* **Problem description**: Only the lines from the start of the data to the line containing "Frame Gillian Puffed", both included, should be output, exactly and without pictures.

Start of Data extract

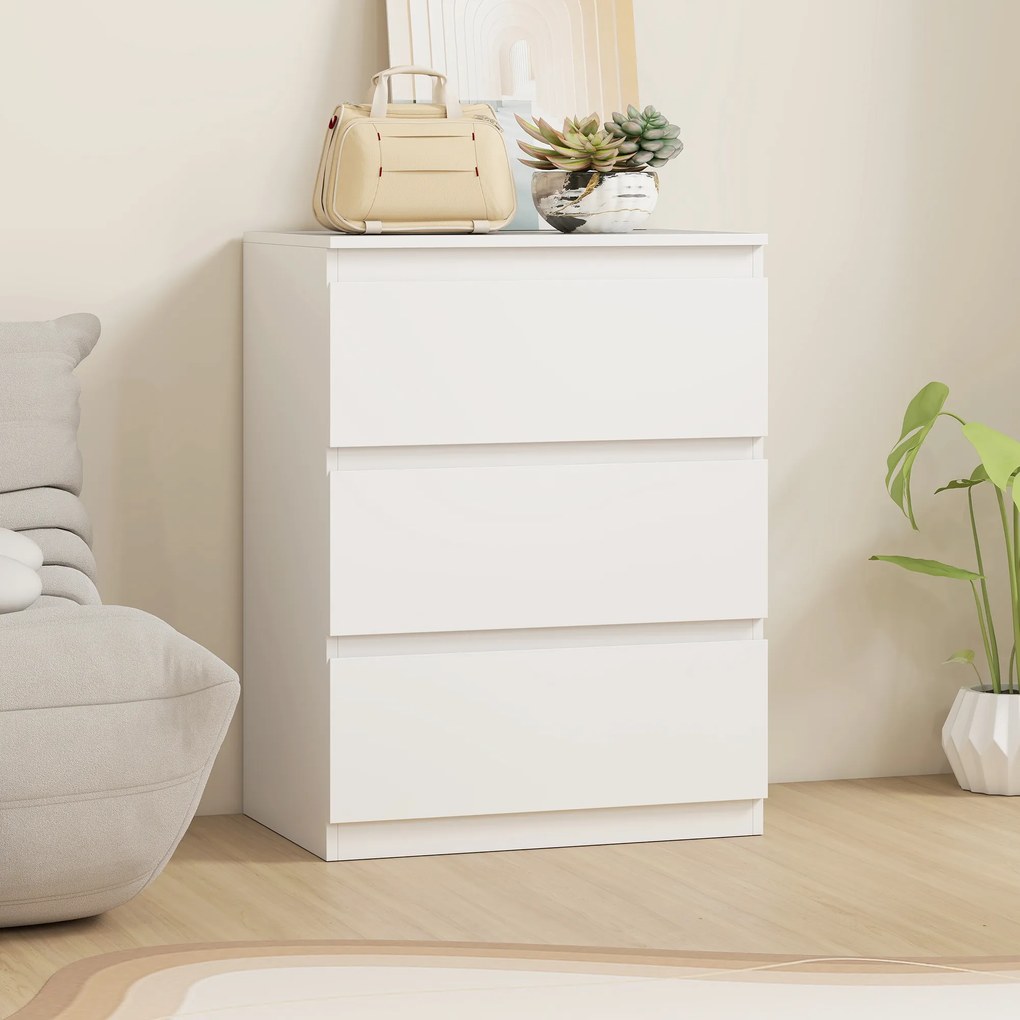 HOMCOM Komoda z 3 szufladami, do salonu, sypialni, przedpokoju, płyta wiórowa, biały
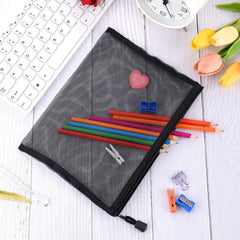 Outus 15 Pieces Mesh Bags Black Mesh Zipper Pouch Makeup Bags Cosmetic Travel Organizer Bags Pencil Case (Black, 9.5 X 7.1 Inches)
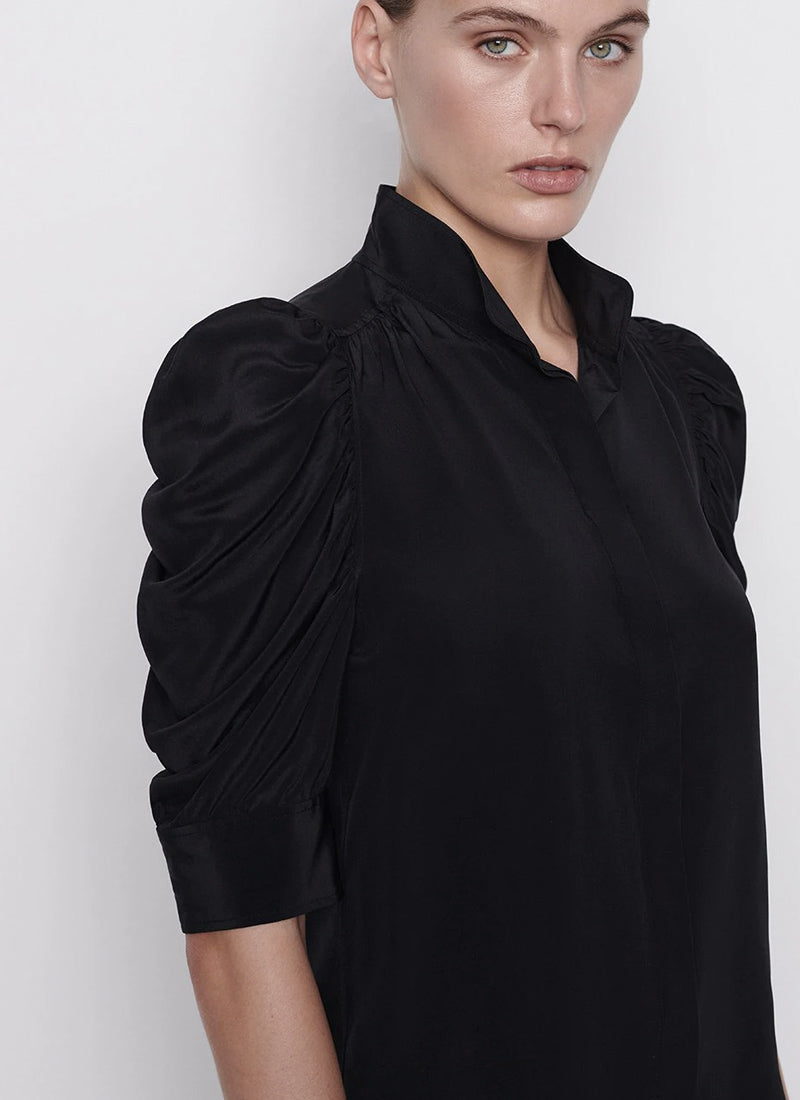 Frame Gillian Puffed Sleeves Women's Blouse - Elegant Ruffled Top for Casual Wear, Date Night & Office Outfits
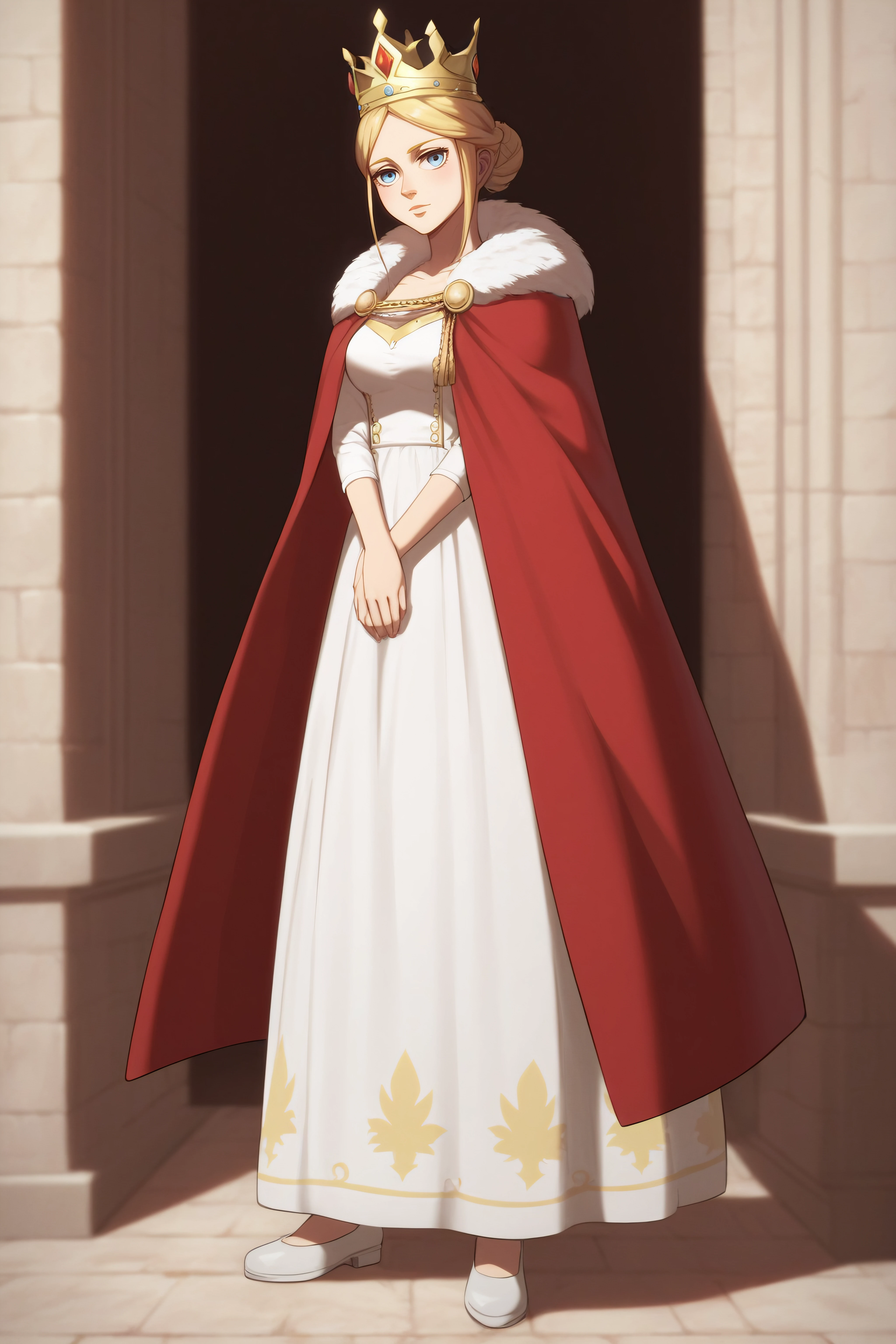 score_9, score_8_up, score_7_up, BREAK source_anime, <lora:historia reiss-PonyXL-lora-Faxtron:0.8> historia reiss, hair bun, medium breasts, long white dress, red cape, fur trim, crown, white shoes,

End of Data extract

* **Problem solution**:
 HOMCOM Komoda z 3 szufladami, do salonu, sypialni, przedpokoju, płyta wiórowa, biały
 Outus 15 Pieces Mesh Bags Black Mesh Zipper Pouch Makeup Bags Cosmetic Travel Organizer Bags Pencil Case (Black, 9.5 X 7.1 Inches)
 Frame Gillian Puffed Sleeves Women's Blouse - Elegant Ruffled Top for Casual Wear, Date Night & Office Outfits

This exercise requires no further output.